- Artist: Lewis VanDercar
- Year: 1971
- Type: Concrete sculpture
- Location: Merritt Island, Florida; 28°08′31.97″N 80°36′13.60″W﻿ / ﻿28.1422139°N 80.6037778°W;

= Merritt Island Dragon =

Dragon-shaped green concrete structure

The Merritt Island Dragon or Merrit Island River Dragon was a dragon-shaped green concrete structure that stood at the southern tip of Merritt Island, Florida, known as Dragon Point, where the Indian River Lagoon splits to form the Banana River Lagoon. The dragon was built in 1971 by Florida artist Lewis VanDercar and property owner Aynn Christal. In 1981, the statue was expanded for new property owner Warren McFadden, with the addition of a tail, an extended neck, two cavepeople - a caveman named Fred and a cavewoman named Wilma, and four hatchling dragons named Joy, Sunshine, Charity, and Freedom. The statues were located between the cities of Melbourne and Indian Harbour Beach, Florida, north of the Eau Gallie Causeway.

The dragon was created from 20 ST of concrete and steel, and stood 35 ft high and 65 ft long. Known as "Annie", the dragon served as a landmark for both locals and boaters, and also as a playhouse for children. On special occasions, the dragon would breathe fire. The idea for the sculpture was inspired by the American Indian legend which held that seeing a dragon rising from the mist where the Banana and Indian Rivers met was a sign of good fortune.
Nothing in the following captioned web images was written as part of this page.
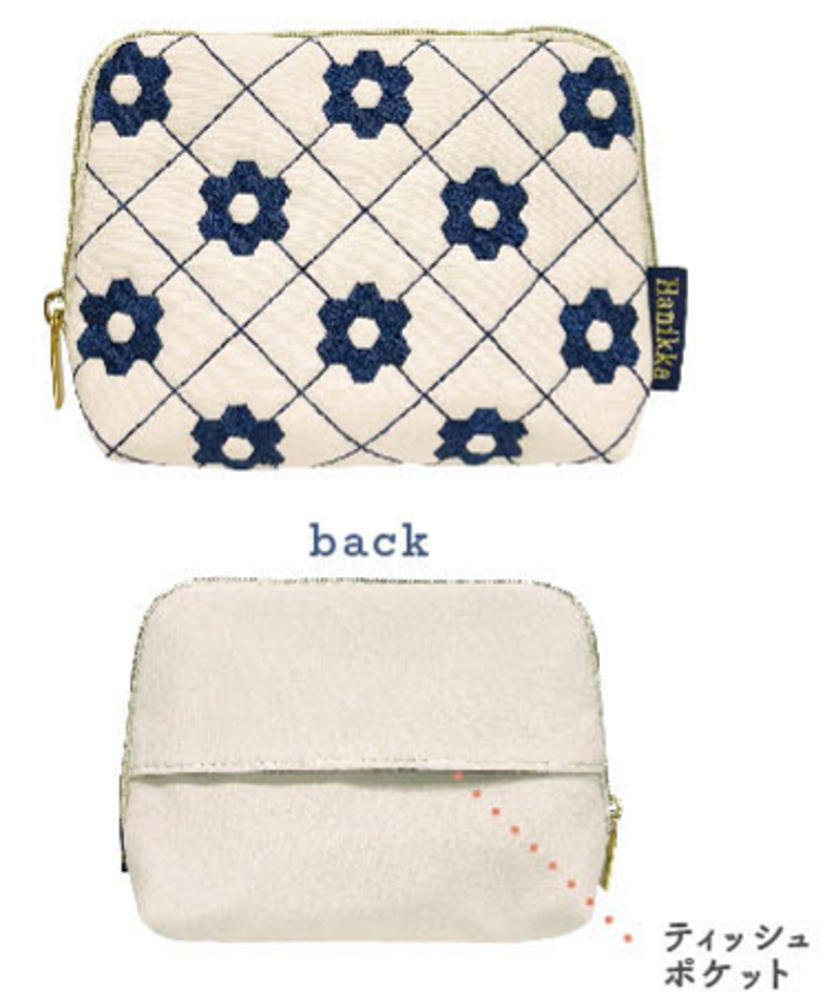 【送料無料】 Hanikka ハニッカ ティッシュポーチオフホワイト 白 花柄 フラワー ポーチ ケース 小物入れ 収納 メイク 化粧 コスメ 雑貨 グッズ か...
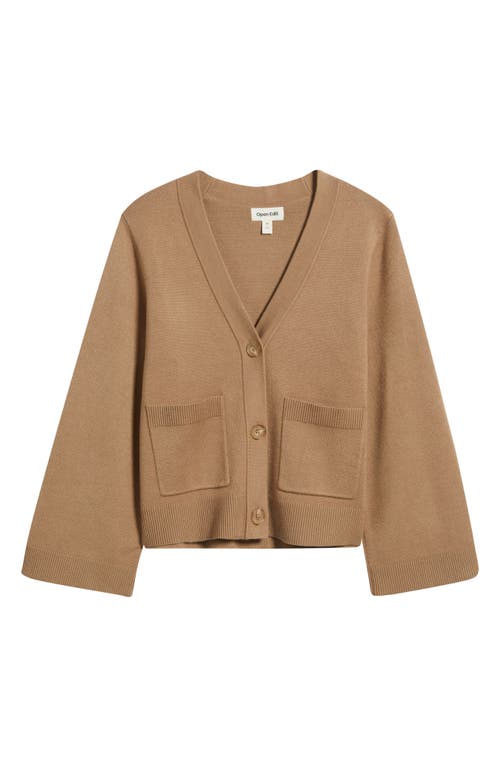 Open Edit Wide Sleeve Cardigan In Brown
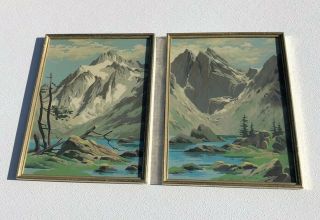 Vtg Complete Paint By Number Winter Mountain Scene Framed Picture 13”x17” Art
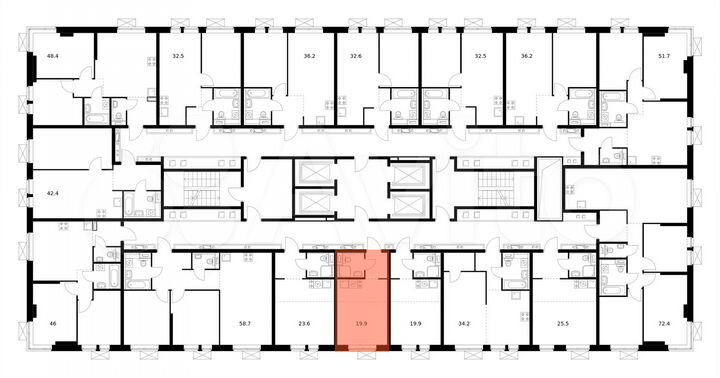 Квартира-студия, 19,9 м², 30/33 эт.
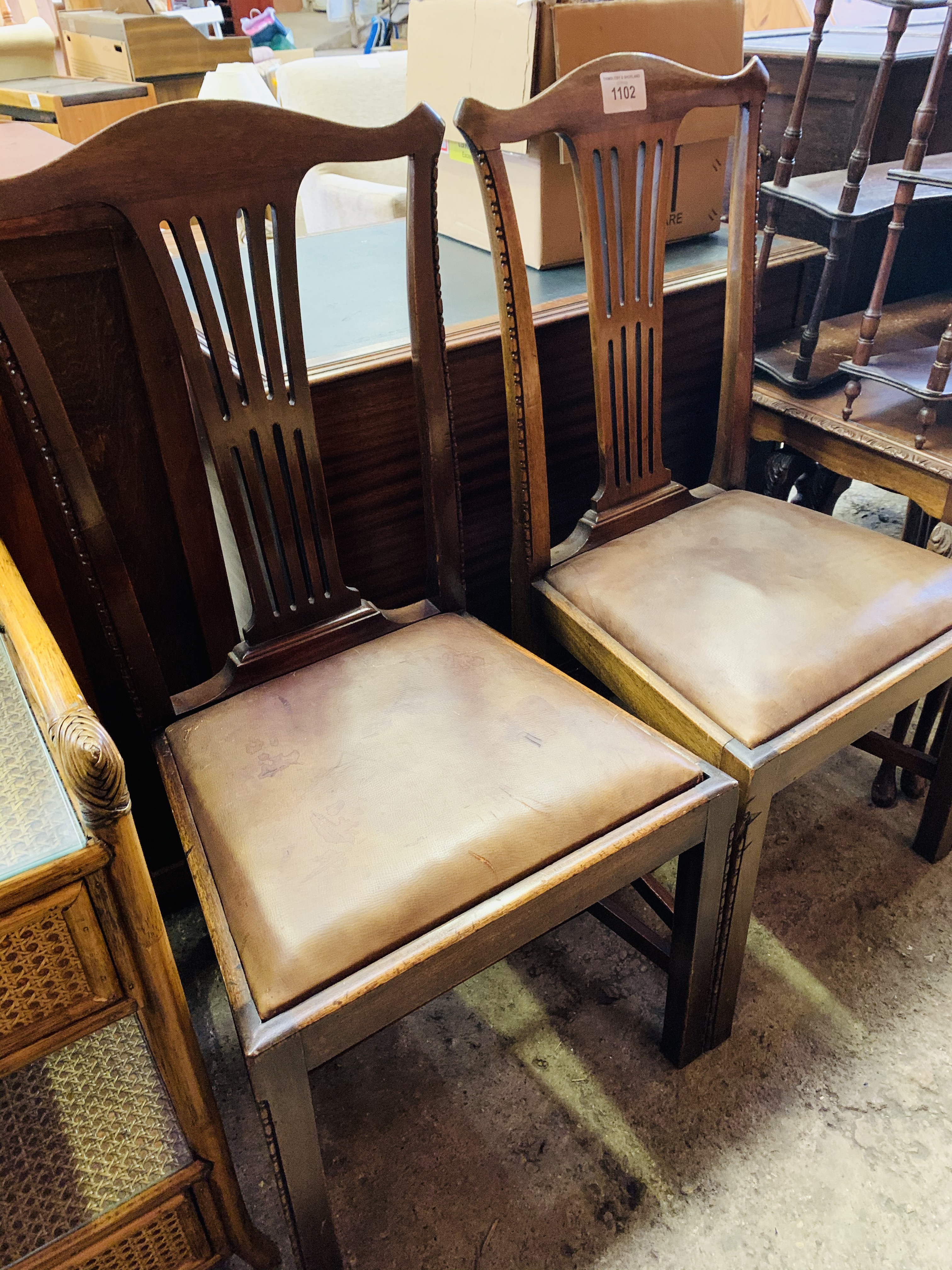 Two mid 19th century drop-in seat mahogany dining chairs with rail splat. - Image 2 of 2
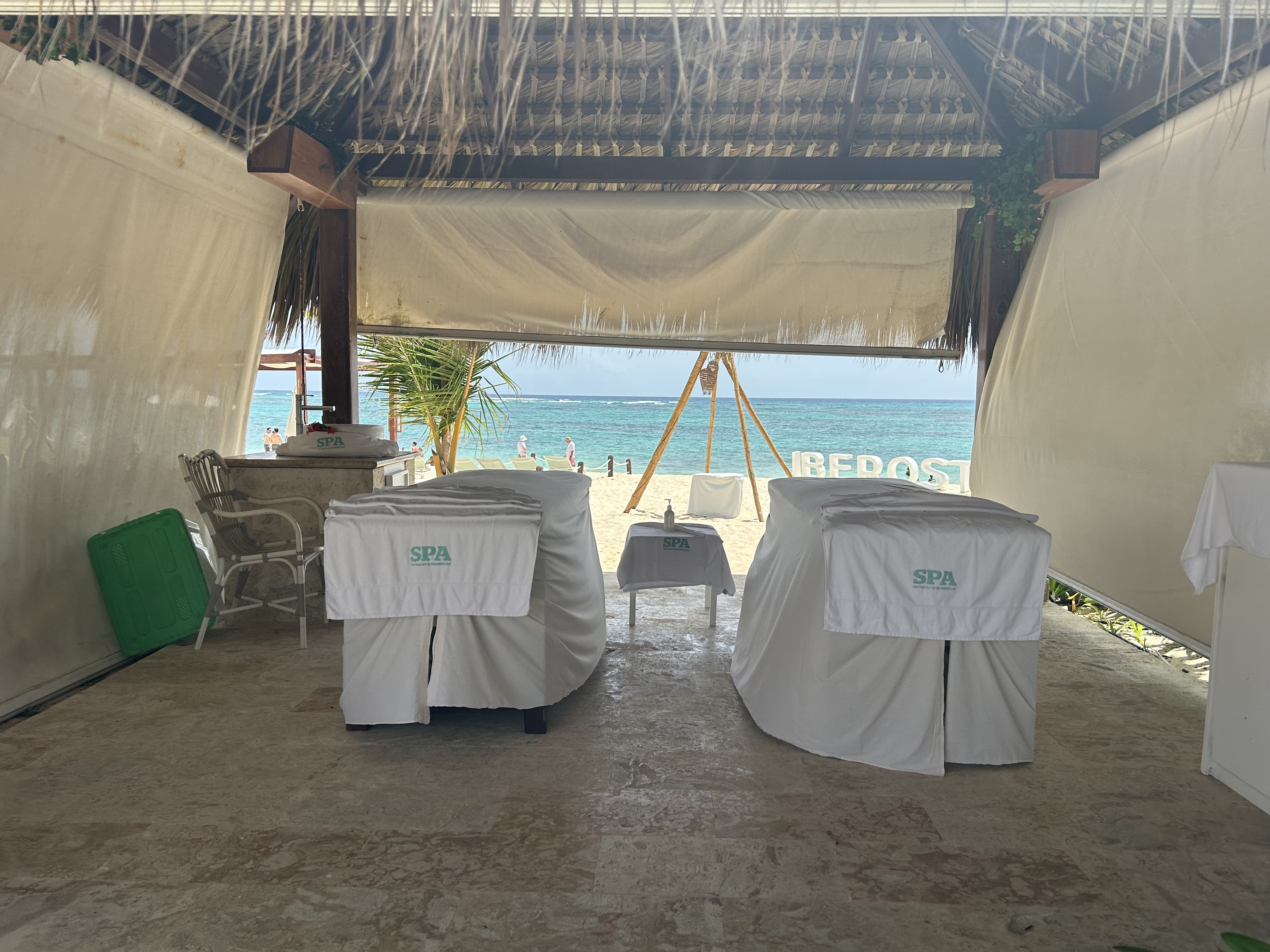 Iberostar Selection Bavaro Suites beach massages Iberostar Selection Bavaro Suites beach spa tent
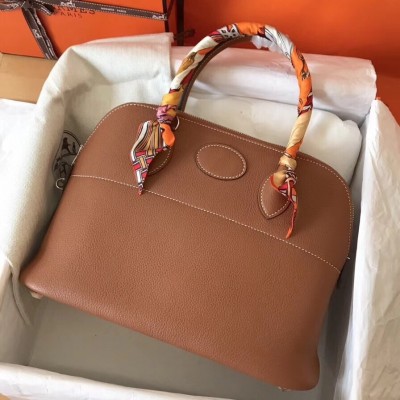 Hermes Gold Clemence Bolide 35cm Handmade Bag LDBS242187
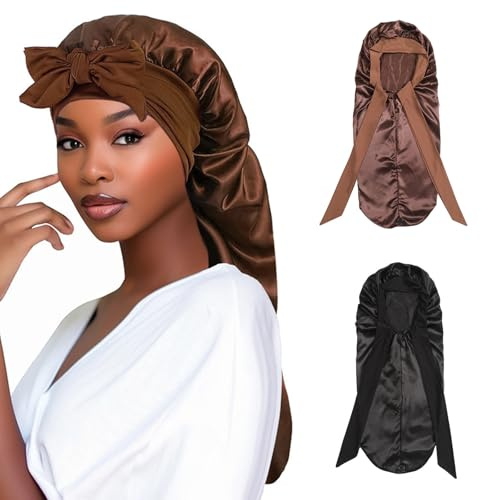 Mtbricey Satin Haarhaube Extra Lange Seiden Schlafhauben für Damen Verstellbar Satin Schlafmütze mit Elastisches Band Seiden Haarhaube zum Schlafen Haarhaube für Langes Lockiges Haar Zopf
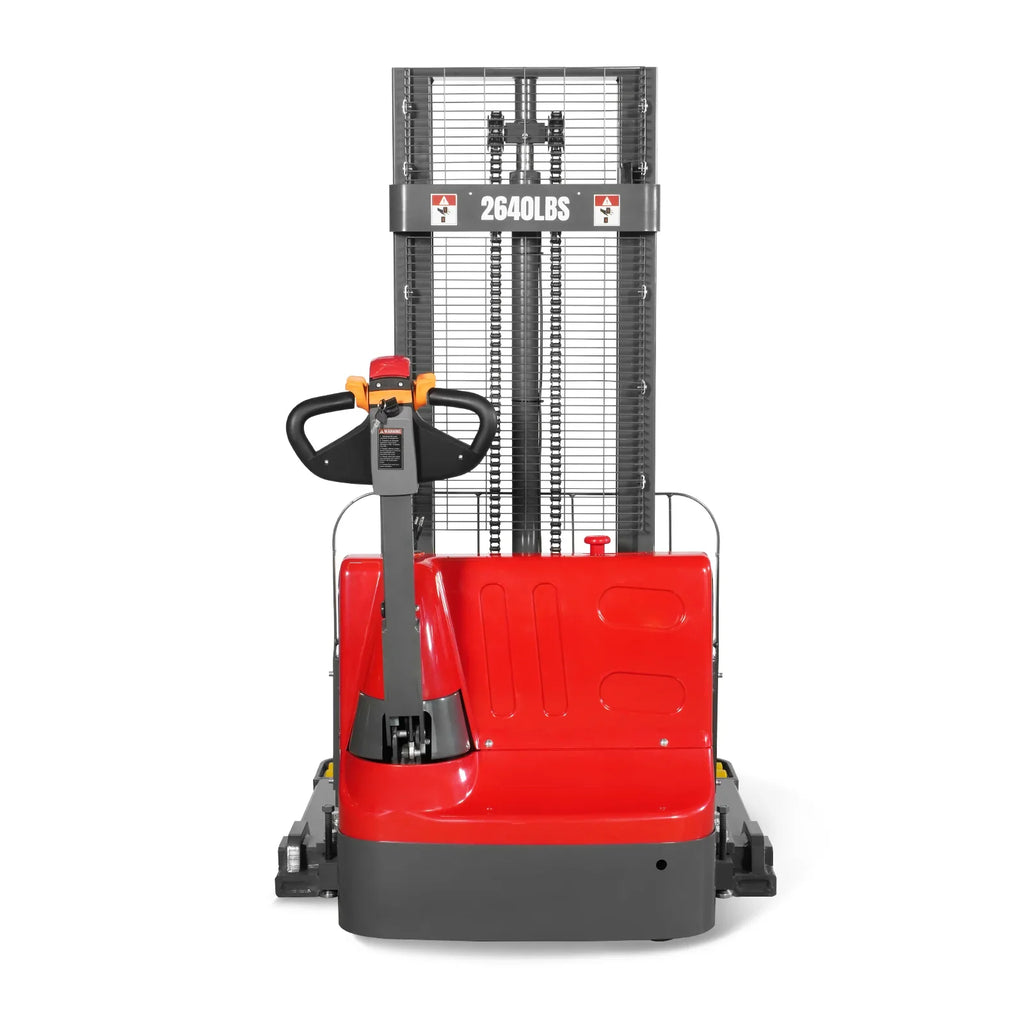 MechMaxx 2640lbs Lithium-ion Electric Straddle Stacker,  98" Lift,  Adjustable Legs & Forks,  F26-98S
In August 2002, the sculpture was badly damaged, and partially collapsed into the water during a storm; vandalism was blamed for contributing to the destruction of the statue.

==Restoration==
The owner and the Brevard County Commissioners were unable to agree on a rehabilitation effort; there was a plan in 2004 to reconstruct the sculpture, while in 2008, a developer planned a luxury hotel and spa on the Dragon Point site with a reconstructed dragon statue as its centerpiece, but both plans fell through.

Save Dragon Point, an organization dedicated to rebuilding the dragon statue, was founded in May 2012. In August, the mansion on the property where the dragon had stood was scheduled to be demolished and the property sold. Save Dragon Point changed its name to Annie and Kids Arts and Education Foundation.

In January 2015, Don Facciobene, local builder and developer, bought the property; he announced that a new dragon named "Rojak" would be built. According to the story of Dragon Point, Rojak was Annie's fifth hatchling who was kept hidden. An inaugural Dragon Boat Festival was planned for June 13, 2015, with proceeds intended to benefit Save Dragon Point.

In April 2015, a plan was announced to build Rojak by 2018. Demolition work began at Dragon Point in March of 2017, clearing room for a future multi-million dollar riverfront mansion and Rojak; however neither the mansion nor Rojak was built, and the site remained vacant. On December 27, 2025, the 0.86-acre property at 11680 Point Drive was relisted for sale at $4.5 million; build-to-suit options of $7 million (mansion only) and $8 million (mansion plus a new dragon sculpture of the buyer's choosing) were also offered. The southern tip of Merritt Island continues to be labeled "Dragon Point" on National Oceanic and Atmospheric Administration navigational charts.

==In popular culture==
A children's book about the dragon, River Dragon: A Real Florida Fairy Tale, was published in 2003.